Plain-English Summary
Section (A) does away with the old idea of court “terms” — set periods when a court was formally in session — and declares Indiana’s trial courts open at all times for filing pleadings and papers, issuing and returning process, and handling interlocutory motions and orders. Section (B) addresses where things happen: trials on the merits belong in open court, in a regular courtroom, in or outside the county seat as convenience allows. Everything else — routine hearings and other proceedings — a judge can handle in chambers, without the clerk or other court staff present, anywhere inside or outside the judge’s home circuit. The one hard limit: apart from an ex parte matter, a judge can’t hold a hearing outside Indiana unless every affected party consents.

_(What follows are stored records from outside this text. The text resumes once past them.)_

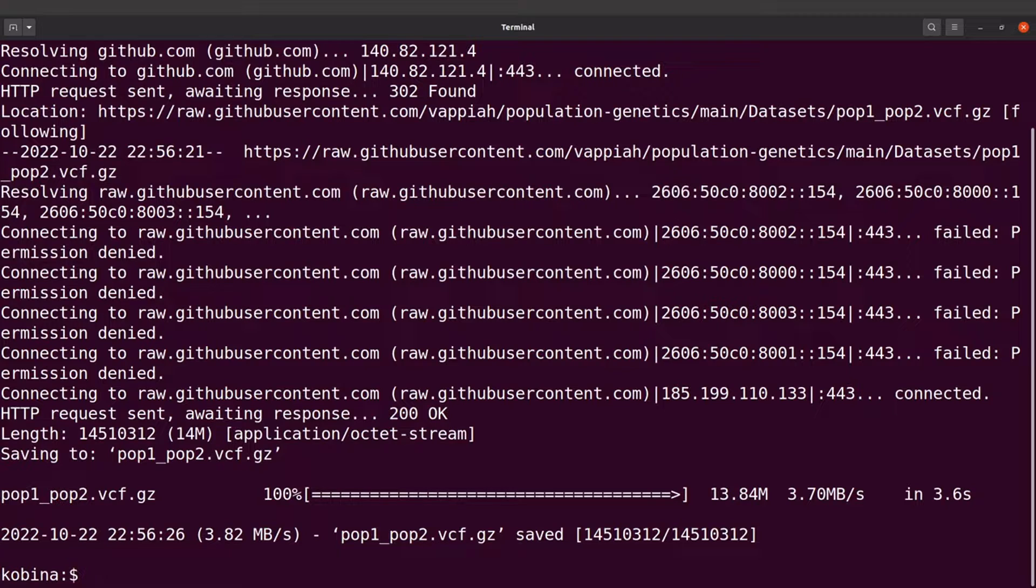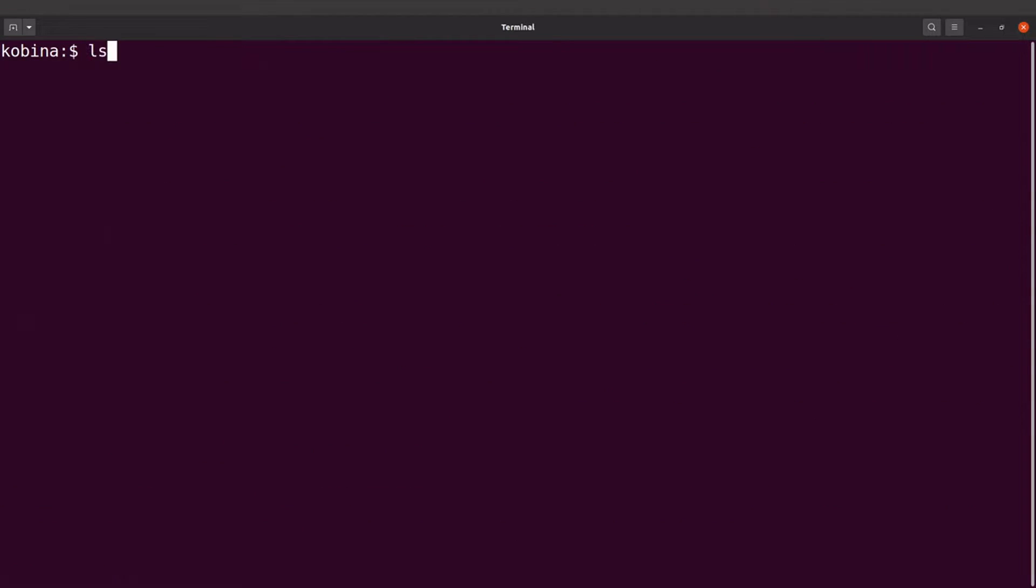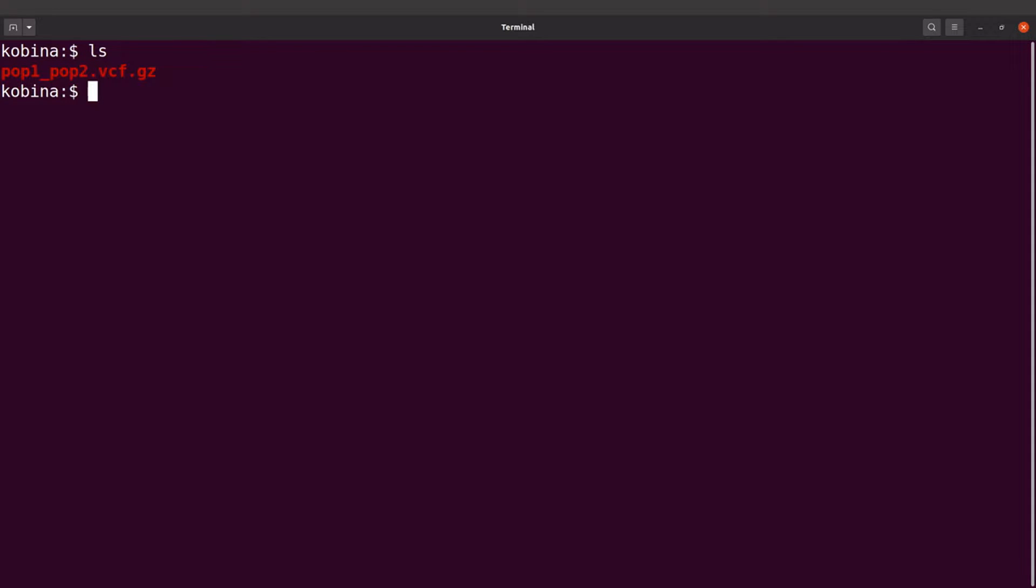Okay so download has been done, let's check the file. So if I do an ls I'll find the file here. Okay so this is the VCF file that I'm going to use. Perfect. Now we are going to explore this VCF file.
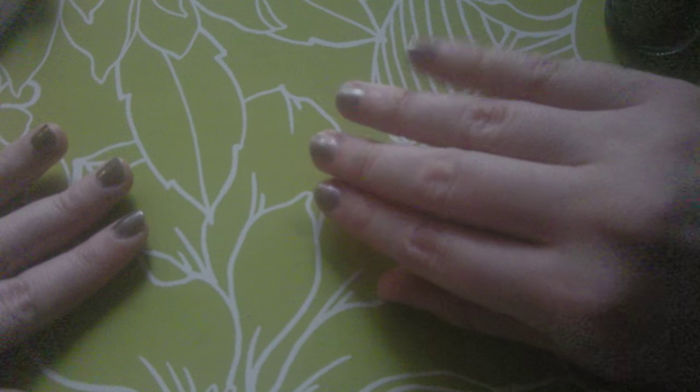I should probably put another coat on the right hand. This is the one with just one coat. This is the one with two.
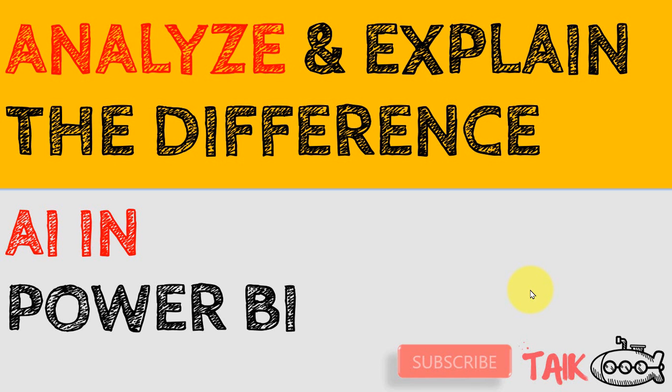Hi, I am Ahmad Adnan and in this video we are going to discuss how you can analyze and explain the difference using this option in Power BI visuals.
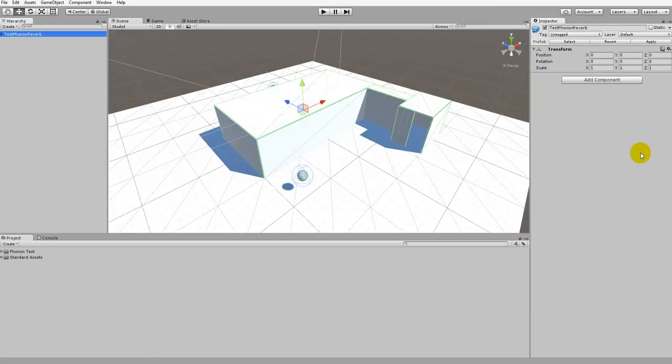Hello, this is Cameron from Impulseonic and today I'll be showing you how to use Phonon Walkthrough with Unity. Specifically, how to tag objects in a scene using Phonon Walkthrough components.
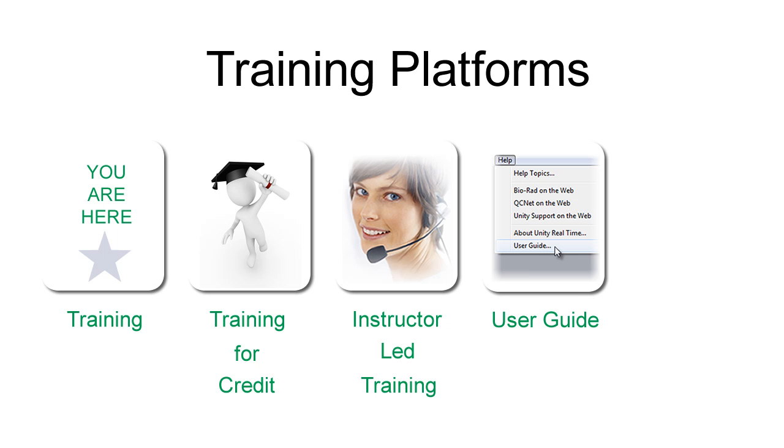Some learners prefer to read. So feel free to access the user guide that is included in the software.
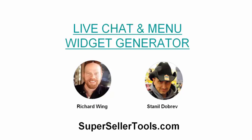And right now I would like to give you an inside look at how it all works and how you can benefit from picking up Live Chat and Menu Widget Generator from us today.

Section (C) keeps the clerk’s office open during business hours every day except Saturdays, Sundays, and legal holidays. Eight holidays are permanently off-limits no matter what a court decides — New Year’s Day, Washington’s Birthday, Memorial Day, Independence Day, Labor Day, Veterans Day, Thanksgiving Day, and Christmas Day — but the circuit court’s presiding judge can, by local rule or order, open the office for specified hours on a Saturday or on some other legal holiday. Routine clerical business — issuing process, including the final process used to enforce and execute judgments, along with other matters that don’t call for a judge’s decision — is handled by the clerk automatically, without asking the court first. If the clerk gets something wrong, the court can suspend, change, or undo the clerk’s action upon cause shown.

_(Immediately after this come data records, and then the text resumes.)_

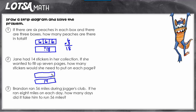Something about the top strip we're going to have to figure out. So let's start with what we know — it says she wanted to fill up seven pages. So I can make seven squares and have each square represent a page. Now I have seven rectangles here, and the question is how many would she need to put on each page? All I have to do to fill out my strip diagram is put a question mark on each page.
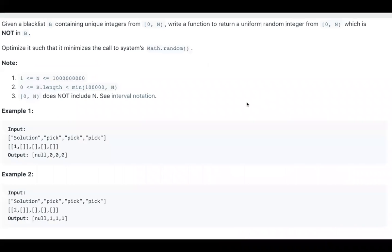This is the description. Given a blacklist b containing unique integers from 0 to n, we need to write a function to return a uniform random integer from 0 to n which is not in b. Note that we need to call random as little as possible — ideally only once per pick call.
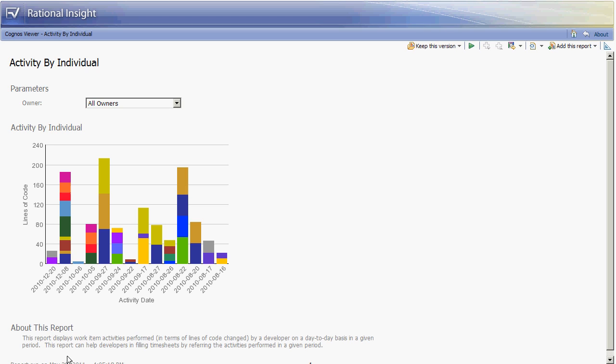One use of this report is by the project manager to determine the overall status of a project and the activity level that is occurring. The magnitude of the bars represents the volume of source code changes, so the project manager can use this to determine if the project activity level is decreasing in the stabilization phase, or if the activity level is remaining high, that's an indicator that the end completion date may be delayed.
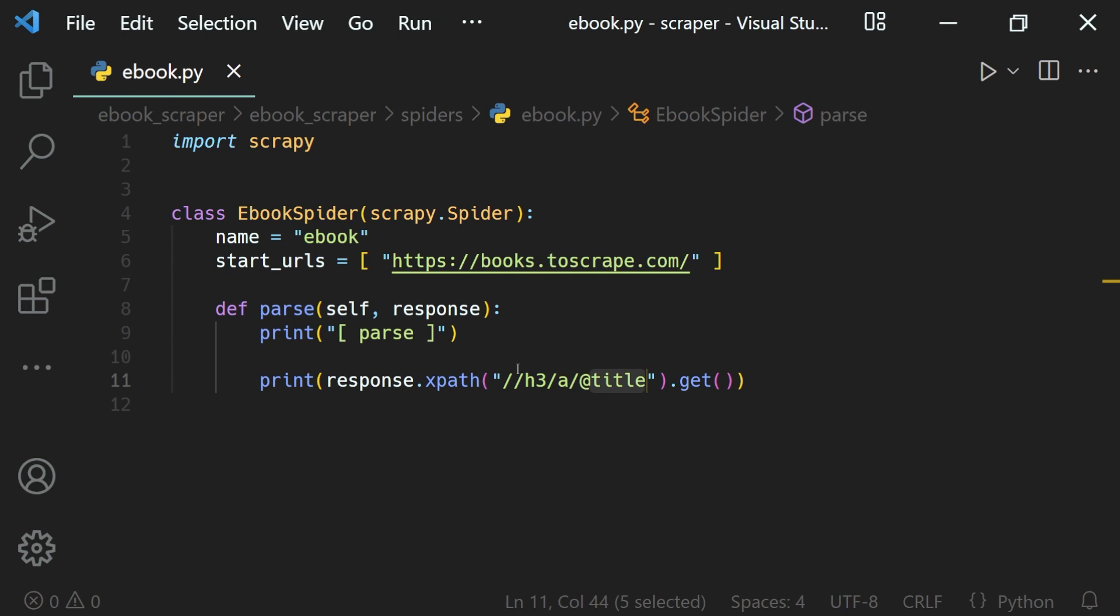So that's how we select a web element's inner elements using XPath.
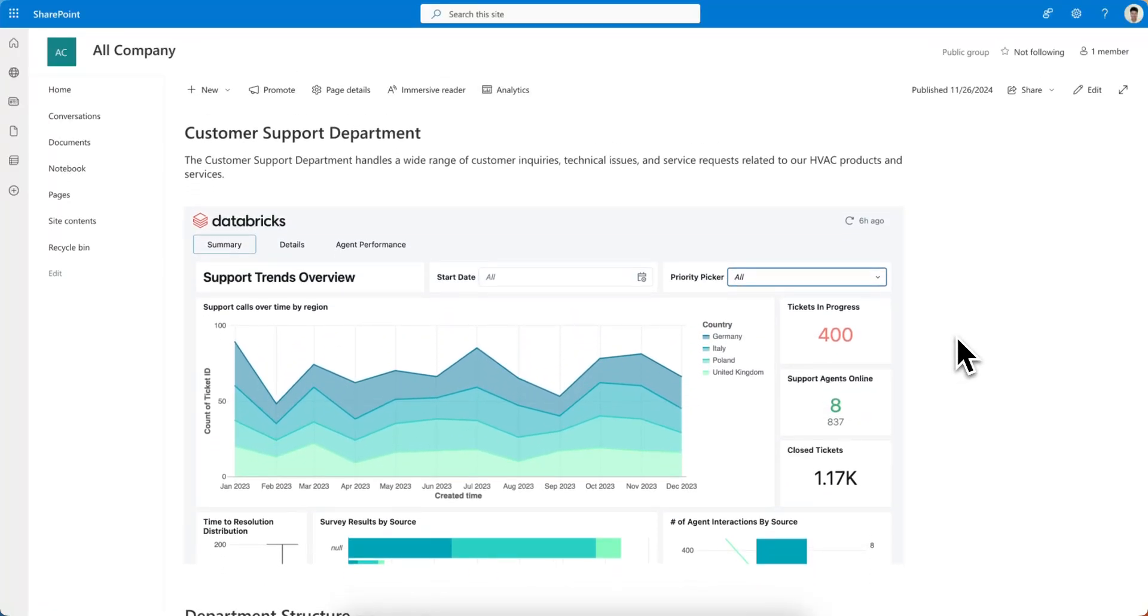So that's a quick look at dashboard embedding. Hope this was helpful, and thank you so much for watching.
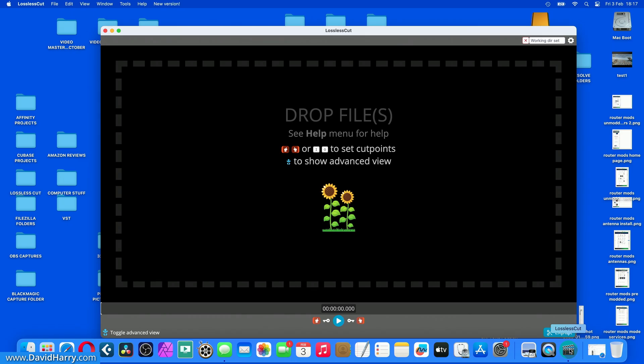This Lossless Cut program is really powerful and can do a whole bunch of things but like I say, just for the sake of this video, I just want to do one thing which is basically just change the container for the codecs.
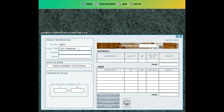The location, the owner, and the size of granite countertop.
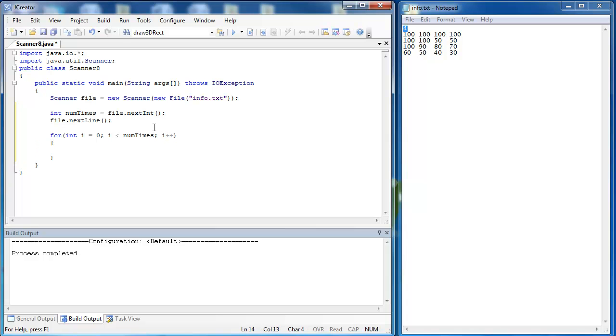I need to ask myself on each line as I iterate through what do I have to do in order to find the average. So I'm going to need a sum of the line each time and I'm also going to need to know how many numbers are in each line so I'm going to call that count.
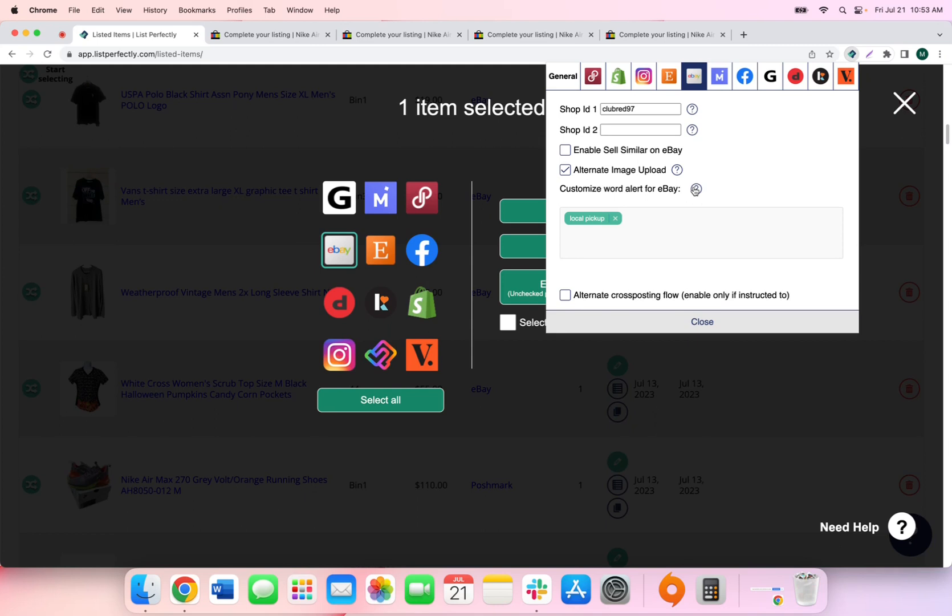So now anytime that we cross-post to eBay, if we forgot to remove it before cross-posting to eBay, List Perfectly will alert us and let us know. So that way we can remove it from our description or title to avoid any sort of trouble.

Section (D) puts the clerk on the hook for notifying the parties. The moment a ruling, order, or judgment is noted on the case’s Chronological Case Summary — Indiana’s official case record — the clerk has to serve a copy of that entry on every party who isn’t in default for failing to appear, and log that the copy went out. That service alone counts as sufficient notice, though any party can also serve its own separate notice. In a consolidated case with ten or more parties, the trial judge can order a simplified system that runs notice through designated liaison parties instead of reaching everyone individually. And every attorney, along with anyone representing themselves, has a duty to keep a current mailing address and email address on file with the case — service at either one counts as valid.

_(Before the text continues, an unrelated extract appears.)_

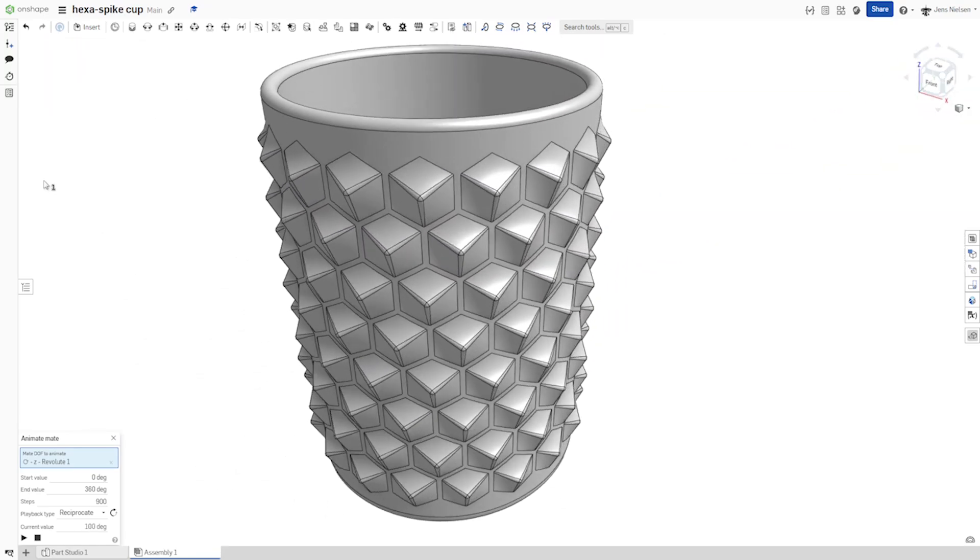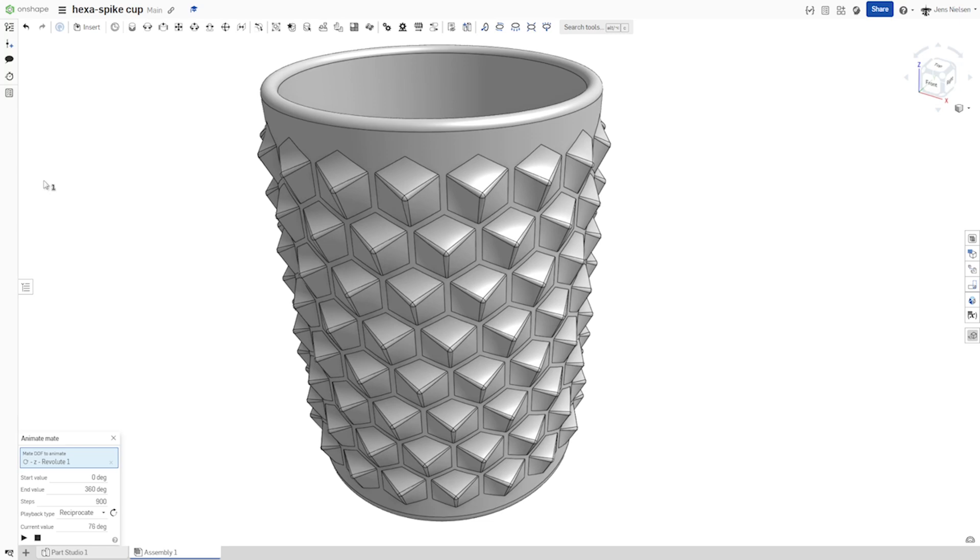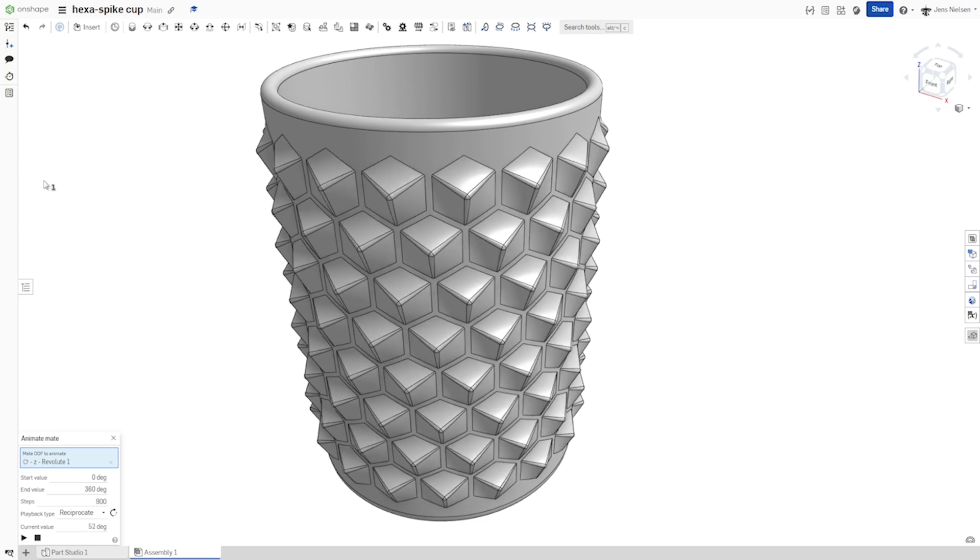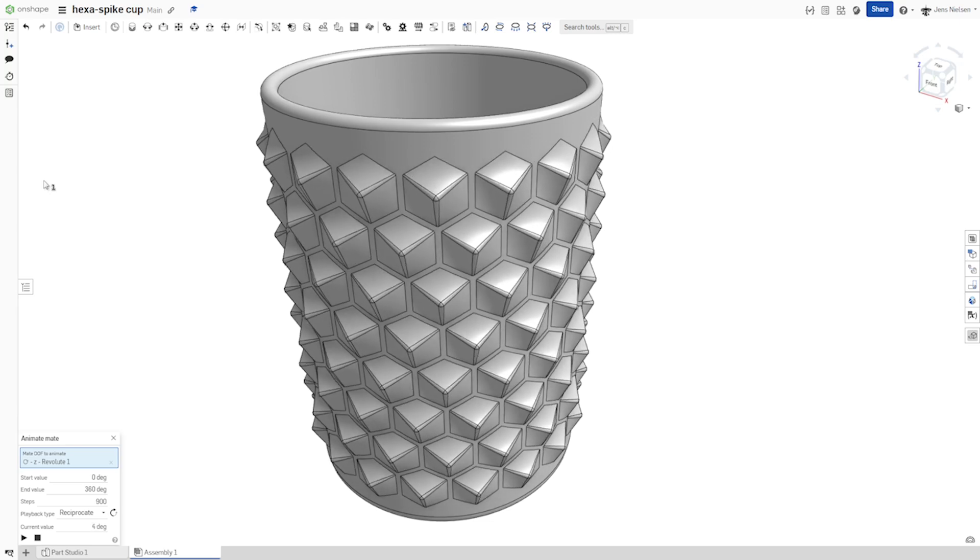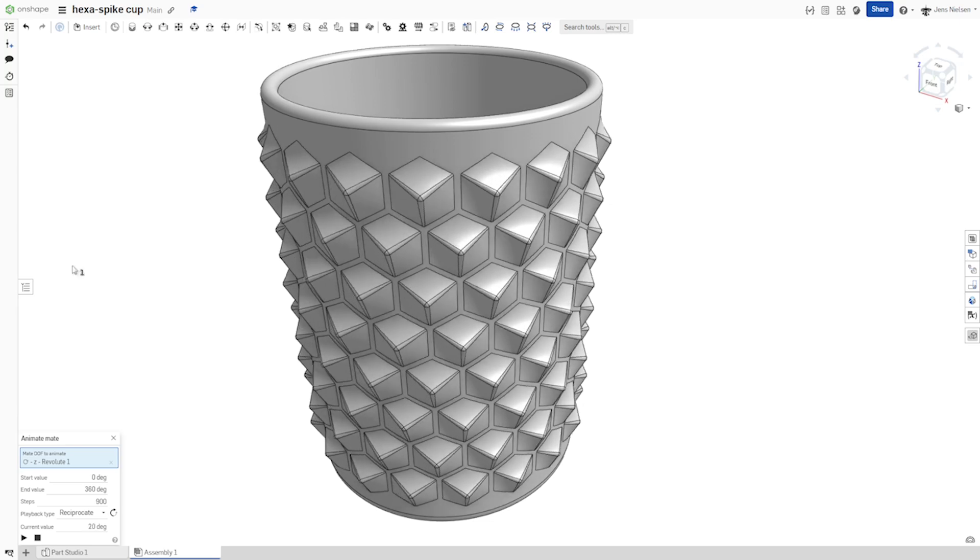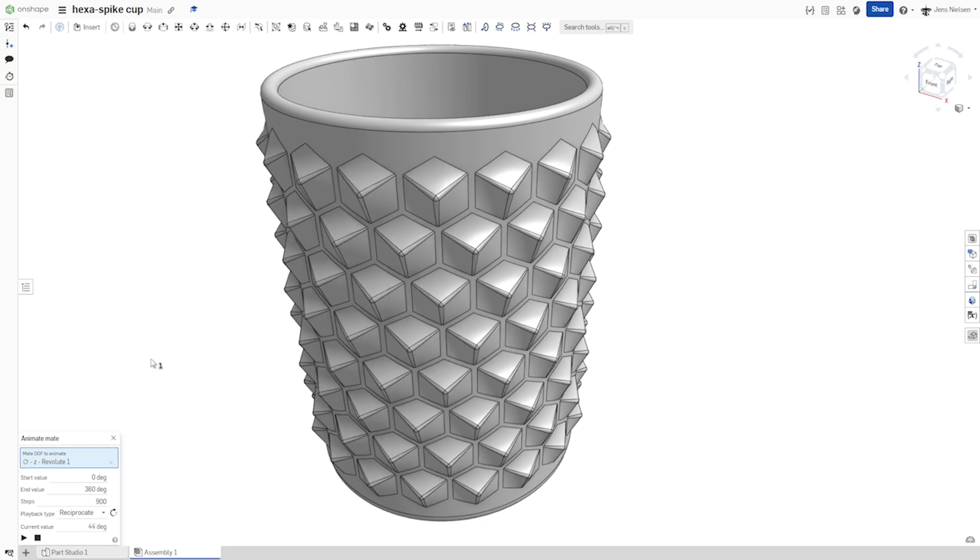Hello and welcome. Let's model this Hexaspi cup. I saw this design at 3D World.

Section (E) covers what happens when that notice system fails. As a rule, not getting notice — or not receiving the clerk’s copy — doesn’t stop the clock on a deadline to contest a ruling, order, or judgment, and doesn’t give the court free rein to excuse a party who missed that deadline. There’s one narrow exception: if the Chronological Case Summary doesn’t show that the clerk’s copy went out, the court can, for good cause, extend the deadline for a party who had no actual knowledge of the ruling, or who was misled by something a court employee told them. That extension starts running only once the party learns about the ruling, and it can never run longer than the original deadline would have allowed.
Frequently Asked Questions
Are Indiana trial courts ever formally “closed” under old court-term rules?
No. Trial Rule 72(A) abolishes “terms of court” and declares trial courts open at all times for filing pleadings, issuing and returning process, and handling interlocutory motions and orders.
Where can a judge hold a hearing besides the regular courtroom?
For matters other than trials on the merits, a judge can act in chambers, without the clerk or other court staff present, anywhere inside or outside the judge’s home circuit. The one limit is on hearings held outside Indiana: apart from an ex parte matter, that requires the consent of every party affected.
Can the clerk issue process or handle routine matters without a judge’s approval?
Yes. Trial Rule 72(C) lets the clerk grant motions and applications for issuing process, including final process to enforce and execute judgments, along with other matters that don’t require a judge’s order, as a matter of course. The court can still suspend, alter, or rescind the clerk’s action later upon cause shown.
How does the clerk notify me when a judge rules on my motion?
Immediately after a ruling, order, or judgment is noted on the Chronological Case Summary, the clerk serves a copy of the entry on every party who isn’t in default for failing to appear, and records that service in the case file.
Do I have to keep my mailing address and email address updated with the court?
Yes. Trial Rule 72(D) requires attorneys, and parties who represent themselves, to note their mailing address and an electronic mail address on the Chronological Case Summary and on the papers they file. Service at either address is enough to satisfy the notice requirement.
If I never received the clerk’s notice of a ruling, can I still get more time to respond?
Possibly. If the Chronological Case Summary doesn’t show that the clerk served a copy of the entry, the court can grant an extension for good cause to a party without actual knowledge of the ruling, or one misled by court personnel. The extension runs from when the party learns of the ruling and can’t exceed the original deadline.
What is the Chronological Case Summary?
It’s Indiana’s official record of what has happened in a case — the entries the clerk logs each time a ruling, order, or judgment is made. Trial Rule 72 ties several deadlines and notice requirements directly to what is, and isn’t, noted there.